Implications of superannuation tax plans for SMSF members

Couple with piggy bank
There is much to consider ahead of proposed changes to the taxation of superannuation. | Photo: Courtney K (iStock)

Despite Federal Government plans to tax superannuation balances greater than $3 million not yet legislated, there are actions individuals can take before July 1.

McCullough Robertson Partner Hayley Mitchell said with Labor’s re-election it now seemed fairly settled that the previously proposed div 296 tax would be enacted in some form.

In the first of three features, Ms Mitchell, partner in Wills, Estates and Trusts at McCullough Robertson, has outlined the implications of proposed changes for self-managed superannuation fund (SMSF) members with high balances, and what can be done now to mitigate risk.

When will div 296 of the tax legislation take effect for superannuation balances?

This is currently unknown. However, a number of industry commentators are speculating that if legislation is passed it is likely to take effect from July 1, 2025 (even if the legislation is passed after this date, therefore passing with retrospective effect).

Will I be taxed on unrealised capital gains in my SMSF?

The previous draft legislation did not get through the Senate last time it was introduced but the government has not changed the draft legislation since the election . However, with a new make-up of the House of Representatives and the Senate, it is not guaranteed that the legislation will be re-introduced or passed in its current form. There may well be some negotiating between the parties to key terms of the legislation before it is passed.

For now, this is what we know.

Who does div 296 superannuation tax apply to?

For members with balances over $3 million, an additional 15% tax will be applied to the value of their balance of over $3 million. It is this proposal that leads to taxation of unrealised gains and is discussed further below.

How will the superannuation balance be calculated?

The calculation of the total superannuation balance (TSB) will be done annually on a comparison with the previous year’s TSB. Consideration of whether valuations are required annually will therefore become critical.

Will my superannuation losses be refunded?

Losses will not be refunded, only carried forward to offset against future gains. There is no mechanism to adjust unrealised gains that unwind in later years. Gains are taxed, but losses are merely carried forward. If an asset increases in value for five years, and then drops dramatically in value and is liquidated for a loss (relative to its value at 1 July 2025), there is no mechanism to claw back the tax paid for the first five years despite the overall negative position.

Will the $3 million limit be indexed?

The $3 million limit is not intended to be indexed, which will greatly increase the number of payers in future years.

How can the div 296 tax be paid?

The tax can be paid from outside superannuation or the fund can pay it (similar to division 293).

What should I do before 1 July 2025?

Whether SMSF members should reduce their superannuation balance to avoid or reduce the impact of div 296 for the 2025/2026 year is the question everyone is asking. It is important not to panic.

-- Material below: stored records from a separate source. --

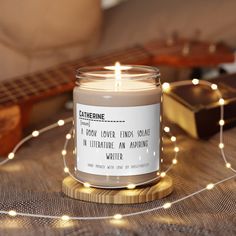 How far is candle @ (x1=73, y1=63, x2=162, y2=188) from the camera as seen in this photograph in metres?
0.61

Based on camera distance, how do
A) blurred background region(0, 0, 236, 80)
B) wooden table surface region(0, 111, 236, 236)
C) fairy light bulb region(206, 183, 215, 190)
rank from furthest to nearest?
blurred background region(0, 0, 236, 80) → fairy light bulb region(206, 183, 215, 190) → wooden table surface region(0, 111, 236, 236)

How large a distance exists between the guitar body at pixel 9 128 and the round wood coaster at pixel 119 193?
9.6 inches

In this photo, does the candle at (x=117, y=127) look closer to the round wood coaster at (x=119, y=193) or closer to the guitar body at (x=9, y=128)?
the round wood coaster at (x=119, y=193)

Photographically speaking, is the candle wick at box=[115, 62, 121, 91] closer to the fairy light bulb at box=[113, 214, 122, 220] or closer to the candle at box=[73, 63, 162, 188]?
the candle at box=[73, 63, 162, 188]

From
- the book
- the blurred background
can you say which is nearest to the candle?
the book

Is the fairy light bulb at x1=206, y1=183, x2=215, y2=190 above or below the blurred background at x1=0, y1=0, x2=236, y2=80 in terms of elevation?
below

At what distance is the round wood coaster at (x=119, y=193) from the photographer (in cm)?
61

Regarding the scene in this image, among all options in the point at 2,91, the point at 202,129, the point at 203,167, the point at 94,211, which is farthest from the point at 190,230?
the point at 2,91

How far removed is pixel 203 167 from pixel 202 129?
12 cm

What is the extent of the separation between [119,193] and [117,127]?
0.07 meters

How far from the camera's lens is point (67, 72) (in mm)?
1048

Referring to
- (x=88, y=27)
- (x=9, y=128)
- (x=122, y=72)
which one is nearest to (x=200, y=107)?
(x=122, y=72)

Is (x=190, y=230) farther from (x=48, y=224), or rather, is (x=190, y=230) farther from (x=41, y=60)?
(x=41, y=60)

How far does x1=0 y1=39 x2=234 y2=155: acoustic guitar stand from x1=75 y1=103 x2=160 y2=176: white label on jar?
272mm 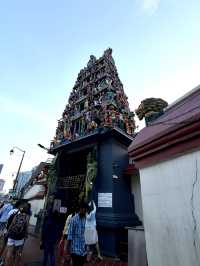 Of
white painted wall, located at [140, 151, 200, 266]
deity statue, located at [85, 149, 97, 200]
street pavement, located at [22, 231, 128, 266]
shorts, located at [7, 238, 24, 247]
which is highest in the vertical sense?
deity statue, located at [85, 149, 97, 200]

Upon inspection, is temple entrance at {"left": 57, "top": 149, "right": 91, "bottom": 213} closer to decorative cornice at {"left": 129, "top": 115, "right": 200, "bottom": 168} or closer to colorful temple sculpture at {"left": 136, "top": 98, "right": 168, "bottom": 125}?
colorful temple sculpture at {"left": 136, "top": 98, "right": 168, "bottom": 125}

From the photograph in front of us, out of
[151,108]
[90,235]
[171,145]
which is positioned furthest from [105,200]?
[171,145]

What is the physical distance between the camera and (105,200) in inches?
355

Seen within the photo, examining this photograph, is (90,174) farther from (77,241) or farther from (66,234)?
(77,241)

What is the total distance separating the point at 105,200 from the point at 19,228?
4.95m

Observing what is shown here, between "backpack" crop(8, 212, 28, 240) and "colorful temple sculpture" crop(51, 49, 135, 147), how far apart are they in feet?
22.0

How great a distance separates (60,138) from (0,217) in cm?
732

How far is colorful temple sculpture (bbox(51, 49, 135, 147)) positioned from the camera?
11727mm

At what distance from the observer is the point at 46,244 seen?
17.3 ft

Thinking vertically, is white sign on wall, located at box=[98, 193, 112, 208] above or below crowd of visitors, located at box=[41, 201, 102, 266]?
above

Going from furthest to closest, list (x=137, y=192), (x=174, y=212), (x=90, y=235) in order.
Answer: (x=137, y=192), (x=90, y=235), (x=174, y=212)

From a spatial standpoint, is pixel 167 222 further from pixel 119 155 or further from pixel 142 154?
pixel 119 155

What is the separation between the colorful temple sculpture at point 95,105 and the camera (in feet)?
38.5

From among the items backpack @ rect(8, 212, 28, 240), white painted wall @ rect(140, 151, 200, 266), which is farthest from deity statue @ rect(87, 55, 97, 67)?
white painted wall @ rect(140, 151, 200, 266) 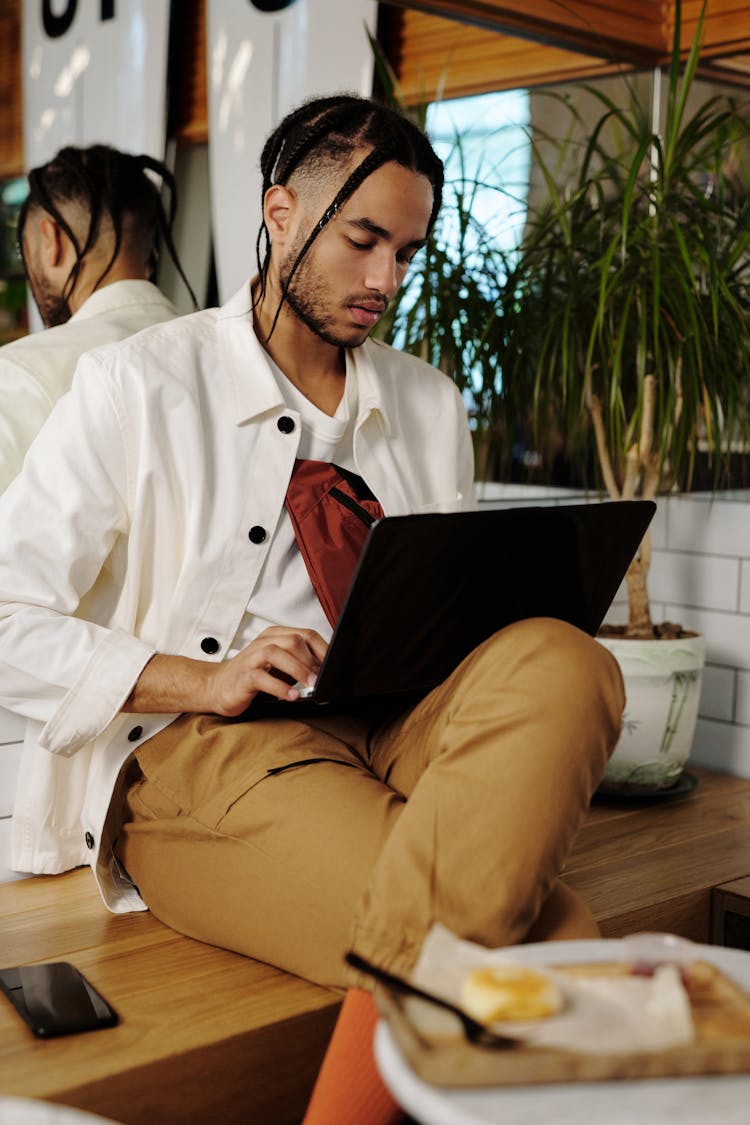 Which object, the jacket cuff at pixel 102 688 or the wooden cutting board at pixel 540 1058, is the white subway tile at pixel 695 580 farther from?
the wooden cutting board at pixel 540 1058

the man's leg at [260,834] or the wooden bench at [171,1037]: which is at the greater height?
the man's leg at [260,834]

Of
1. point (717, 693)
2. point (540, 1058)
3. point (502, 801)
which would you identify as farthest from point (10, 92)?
point (540, 1058)

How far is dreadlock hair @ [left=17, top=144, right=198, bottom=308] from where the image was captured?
2.35 m

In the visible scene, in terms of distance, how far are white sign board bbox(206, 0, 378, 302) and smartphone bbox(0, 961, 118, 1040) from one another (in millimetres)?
2335

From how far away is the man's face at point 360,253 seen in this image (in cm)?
180

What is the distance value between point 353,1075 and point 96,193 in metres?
1.65

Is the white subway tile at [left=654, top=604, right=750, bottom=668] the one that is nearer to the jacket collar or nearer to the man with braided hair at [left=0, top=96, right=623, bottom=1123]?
the man with braided hair at [left=0, top=96, right=623, bottom=1123]

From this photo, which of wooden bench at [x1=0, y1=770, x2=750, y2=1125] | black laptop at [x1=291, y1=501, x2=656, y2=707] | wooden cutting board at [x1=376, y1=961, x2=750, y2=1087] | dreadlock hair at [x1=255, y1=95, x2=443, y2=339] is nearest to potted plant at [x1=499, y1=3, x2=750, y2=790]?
wooden bench at [x1=0, y1=770, x2=750, y2=1125]

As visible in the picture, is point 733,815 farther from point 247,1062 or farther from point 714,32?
point 714,32

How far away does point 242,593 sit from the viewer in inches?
69.9

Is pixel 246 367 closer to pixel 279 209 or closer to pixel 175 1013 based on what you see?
pixel 279 209

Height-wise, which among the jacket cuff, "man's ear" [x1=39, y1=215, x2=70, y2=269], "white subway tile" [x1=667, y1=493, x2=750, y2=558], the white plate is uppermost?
"man's ear" [x1=39, y1=215, x2=70, y2=269]

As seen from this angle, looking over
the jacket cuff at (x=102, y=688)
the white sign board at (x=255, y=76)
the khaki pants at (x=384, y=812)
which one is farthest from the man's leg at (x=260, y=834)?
the white sign board at (x=255, y=76)

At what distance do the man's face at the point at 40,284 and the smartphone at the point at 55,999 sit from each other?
127 centimetres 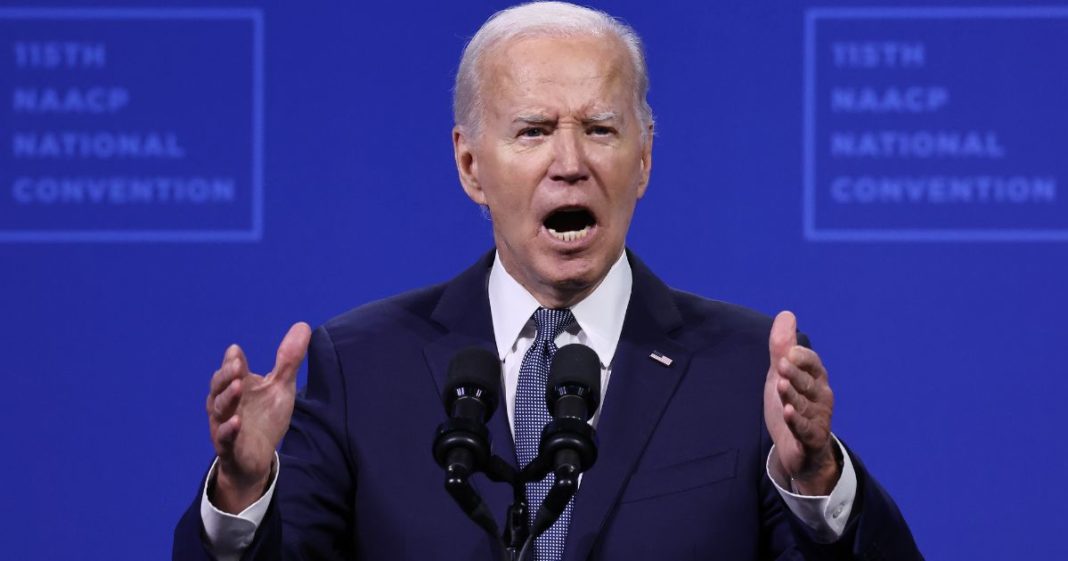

This is the ultimately going to be a personal and commercial decision that should only be made after considering your personal circumstances.

Unfortunately, with the short timeframe and uncertainty as to the form of the legislation, SMSF members are left in a difficult position. Importantly though, any steps taken should be done with consideration of the following:

  • Critically, if you are considering reducing your member balance, you have to have met a condition of release.
  • Seek accounting and financial advice, and where possible some modelling around the outcomes depending on where your superannuation balance is sitting in the 2025/2026 year and compare this with the tax outcomes if assets/funds are removed from the superannuation system and taxed elsewhere.
  • Consider whether valuations should be obtained for the assets in the fund, it will be important to have accurate values of the assets and evidence to rely on if the fund is going to be impacted by div 296.
  • If you do decide to reduce your superannuation balance – how will this be achieved and what are the other things you need to think about (other tax and duty consequences and your estate planning)

As of May 2025, there are no taxes on unrealised gains within an SMSF but based on commentary from the Albanese government post election and the industry, it is likely the government will re-introduce legislation to give effect to the div 296 tax.

I’m seeing a lot of clients that are concerned about the impact of div 296, and the changing landscape of superannuation generally. But it is important that people remember that the advice available at the moment has a degree of speculation. As the legislation has not yet been re-introduced, we are only able to advise based on the previous draft legislation and speculate that it may commence July 1, 2025.

For now, it will be important for our clients to satisfy themselves that they have considered their own personal circumstances, the potential impacted by div 296 tax on their member balance versus the other considerations if they remove assets or funds from the superannuation system.